- Records provided:
§ §
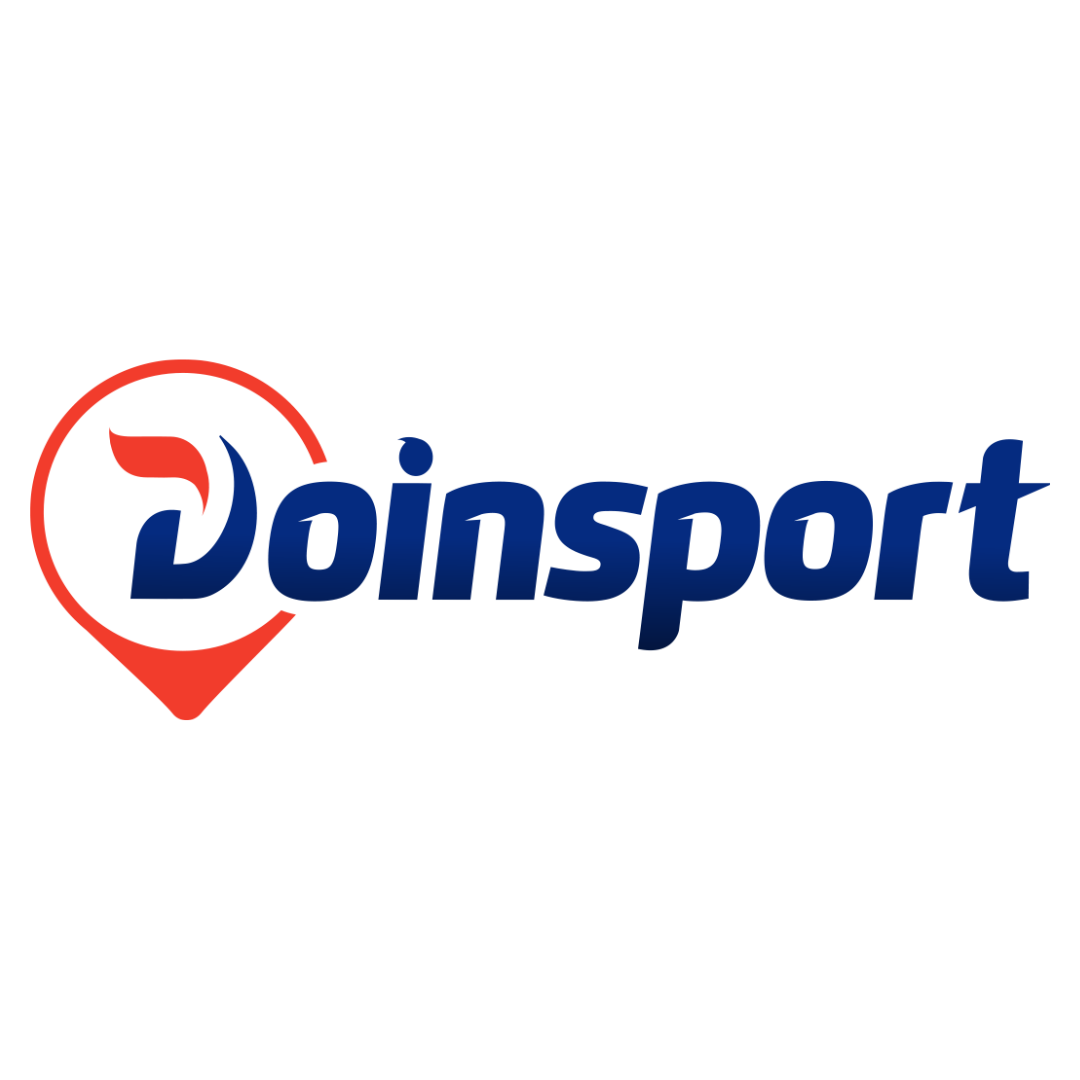 Doin Sport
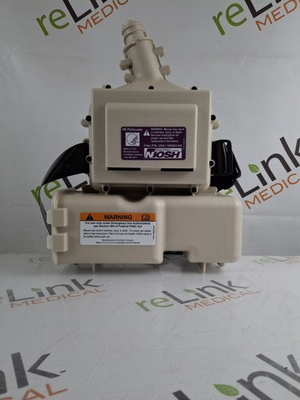 #ad #ad 3M FORD Powered Air Purifying Respirator $13.00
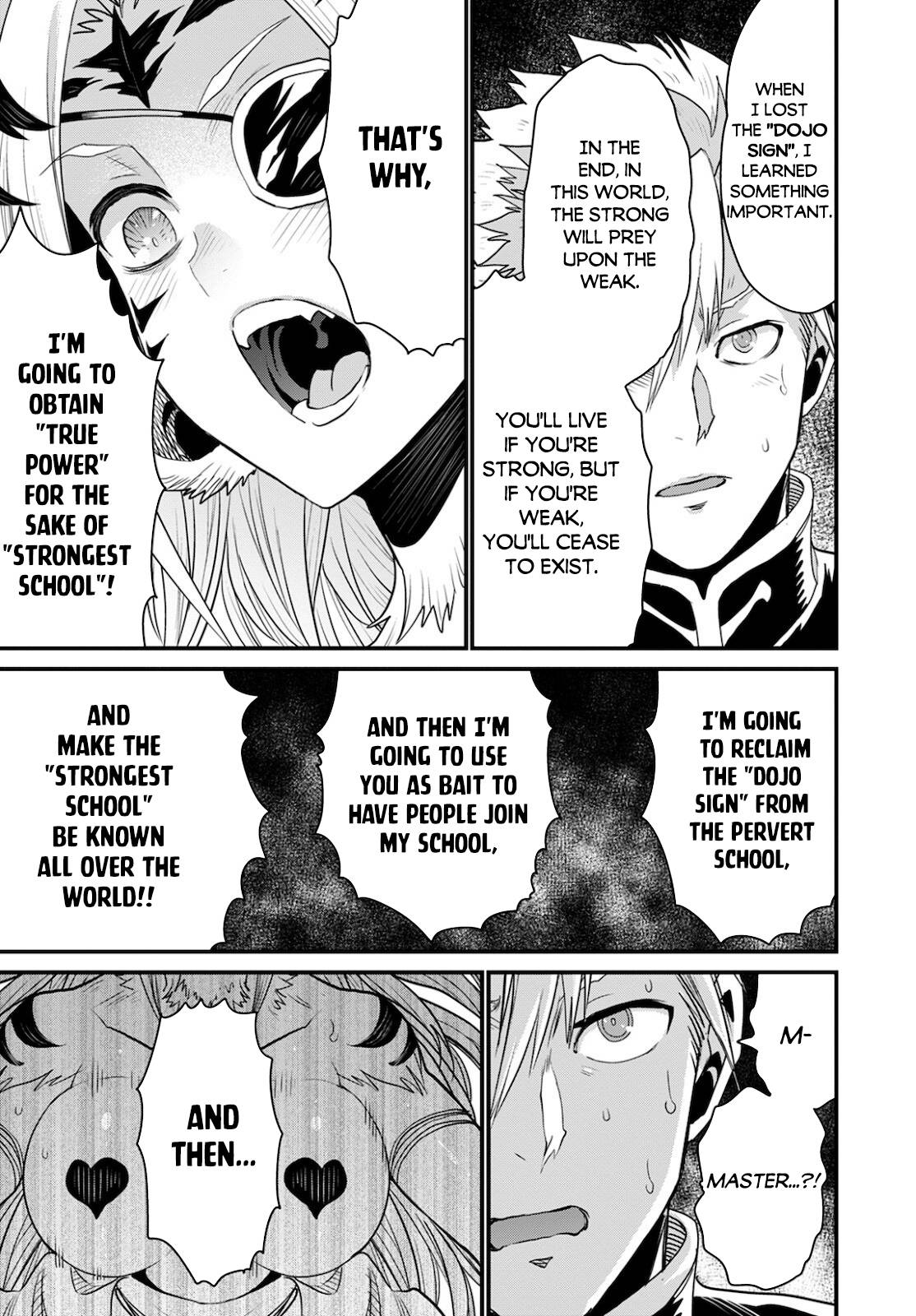 Page 24 of Chapter 42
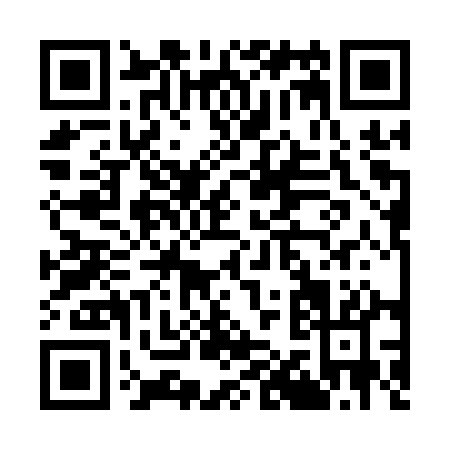 QR code for K131Q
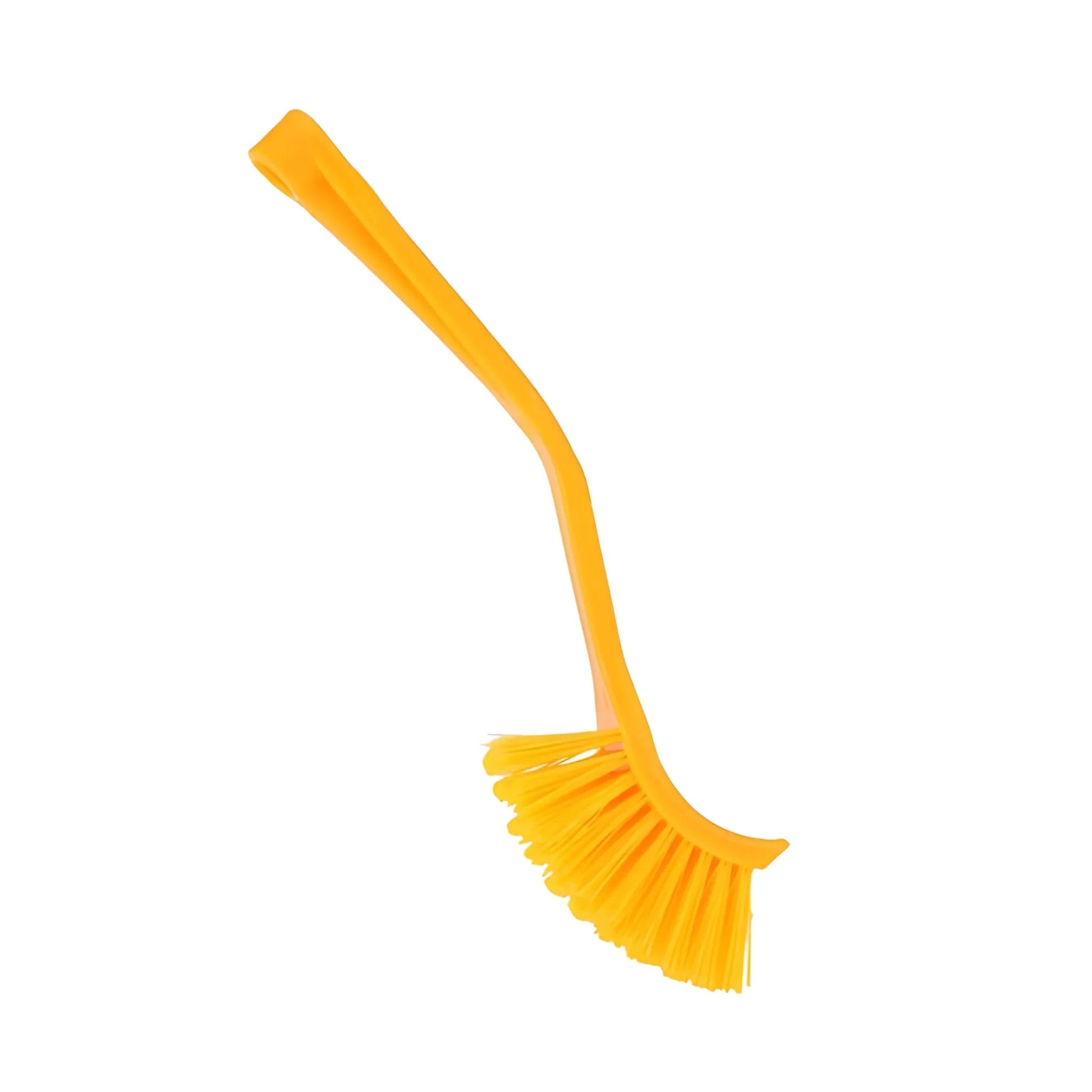 Plastic Wash Basintoilet Seat Cleaning Brush - Industrial & Scientific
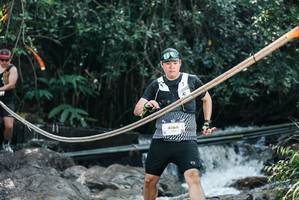 BIB: 
                            <button type="button" onclick="openModal(27461863)" class="btn btn-primary btn-sm float-right btn-popup" data-toggle="modal" data-target=".modal-high-quality">
                        <i class="fas fa-shopping-cart"></i> Add to Cart
                    </button>
                                            <button type="button" onclick="isThisMe(27461863, true)" class="btn btn-success btn-sm float-right btn-popup btn-isme hidden" data-toggle="tooltip" data-placement="bottom" title="นี่คือรูปของคุณใช่ไหม คลิกที่นี่เพื่อเอาเข้าอัลบั้ม">
                        <i class="fas fa-plus"></i> Add to album
                    </button>
                    <button type="button" onclick="isThisMe(27461863, false)" class="btn btn-warning btn-sm float-right btn-popup btn-isnotme hidden">
                        <i class="fas fa-ban"></i> Remove from album
                    </button>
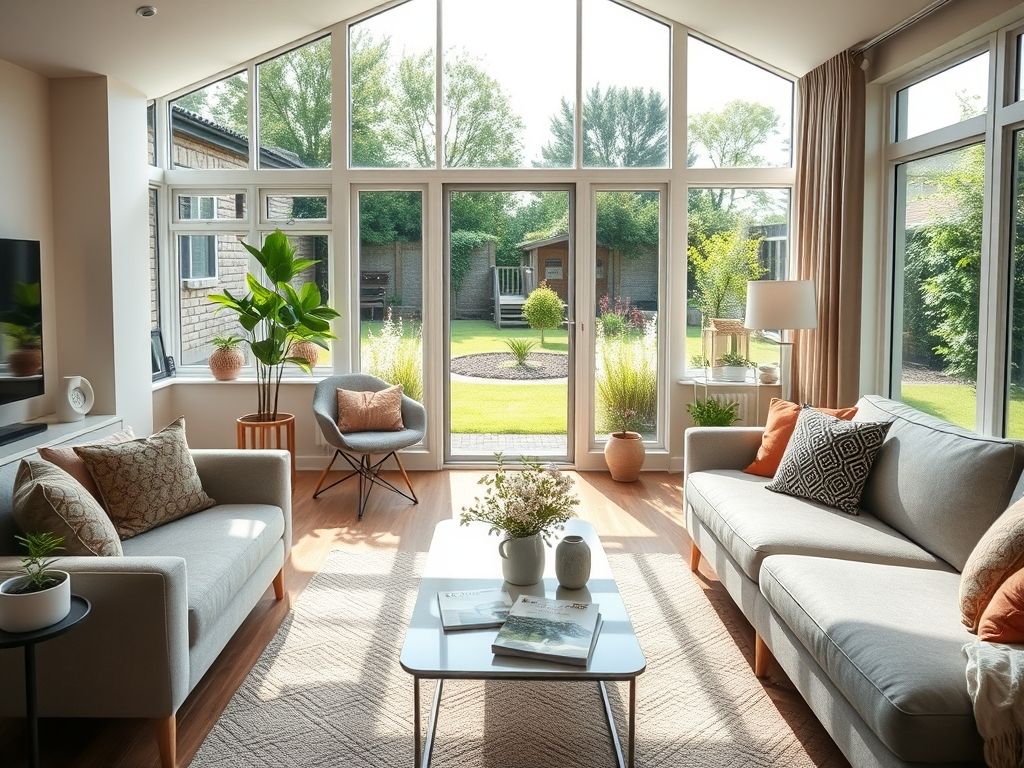 Curso de Leilão com Foco em Imóveis Residenciais: Aprenda a Investir com Segurança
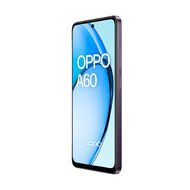 OPPO A60 4G - Midnight Purple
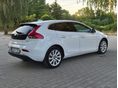 VOLVO V40 2015/8 - 3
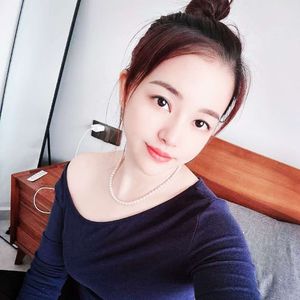 感谢命运让我遇见你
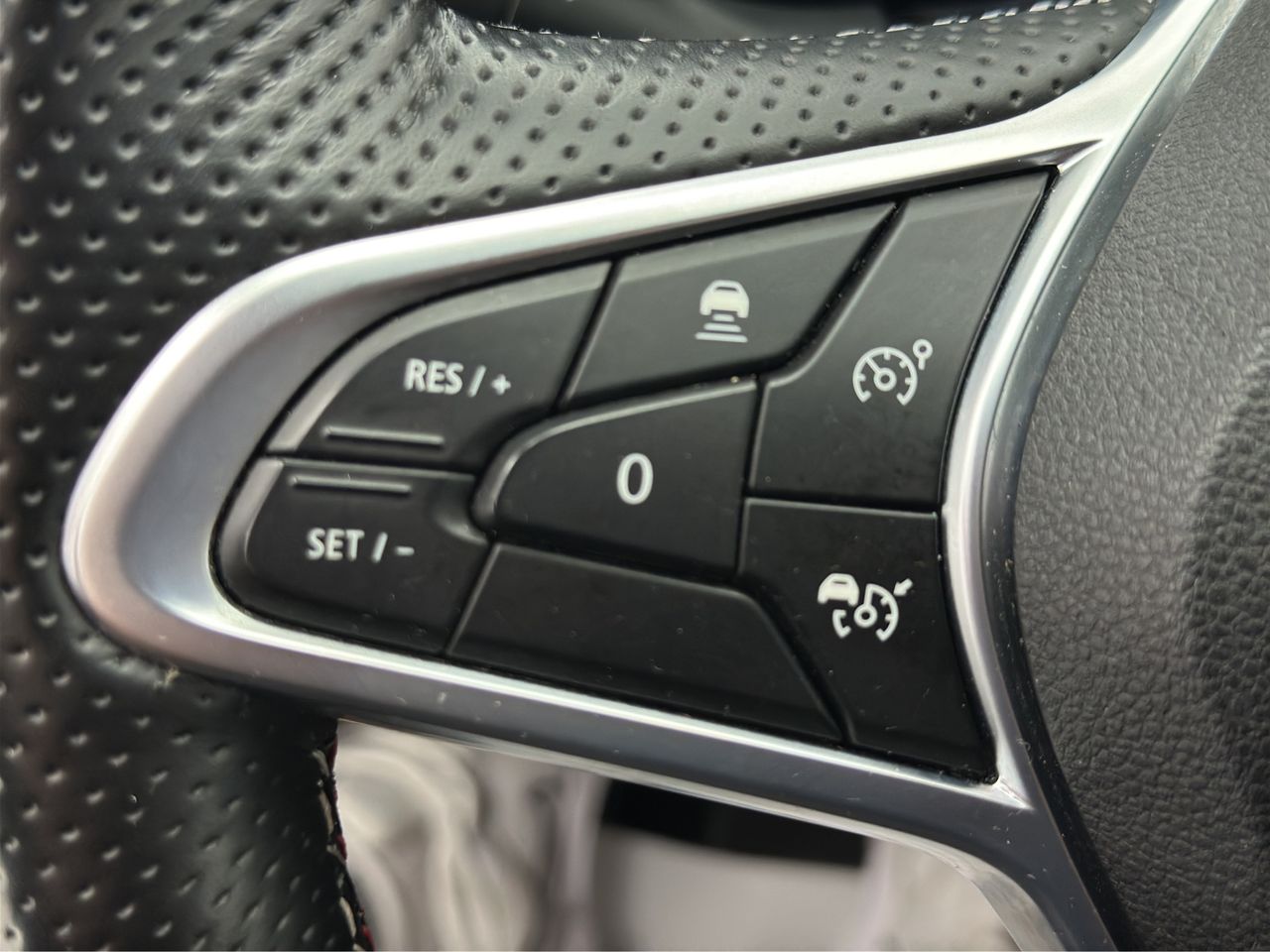 Renault Arkana RS Line E-TECH Híbrido 105kW(145CV) - Foto 28
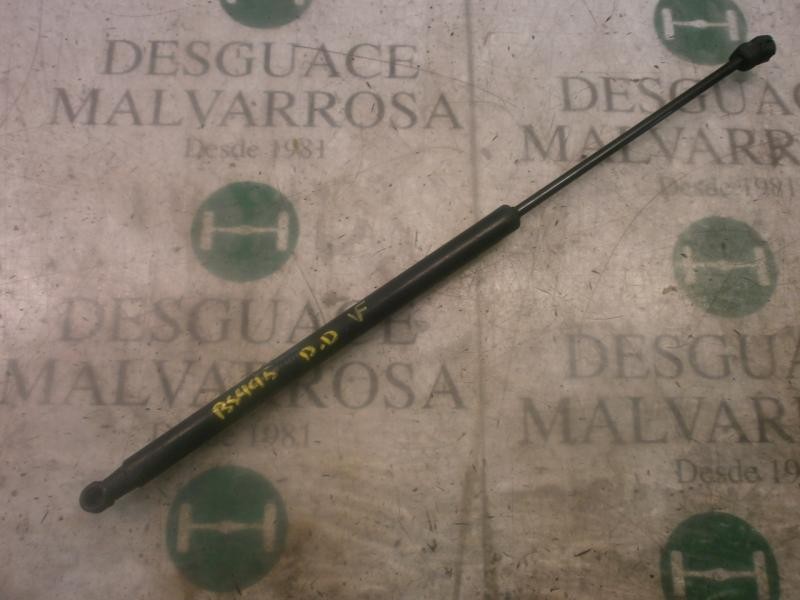 Recambio de amortiguador capot para kia opirus ex referencia OEM IAM 811713F001  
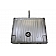 Aeromotive Fuel System Fuel Cell - 18122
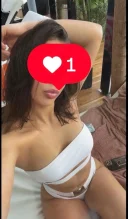 Marina NEWW!!! - imagine 2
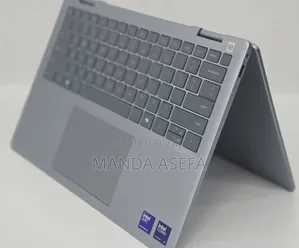 New Laptop Dell Inspiron 14 32GB Intel Core Ultra 9 SSD 1T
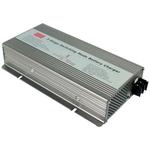 PB-300N-12图片2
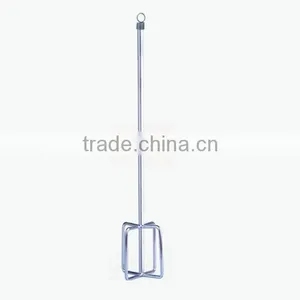 PUTTY MIXER PAINT MIXER GOOD QUALITY STIRRER FOR PAINTING thumbnail-3
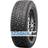 Nankang Ice Activa Grip 2 (205/55 R16 94T)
§ §
- Task goal: Every line from the one containing "PB-300N-12图片2" through the last line of the data, both included, is to be repeated exactly; the pictures are to be left out.

- Answer to the exercise:
 PB-300N-12图片2
 PUTTY MIXER PAINT MIXER GOOD QUALITY STIRRER FOR PAINTING thumbnail-3
 Nankang Ice Activa Grip 2 (205/55 R16 94T)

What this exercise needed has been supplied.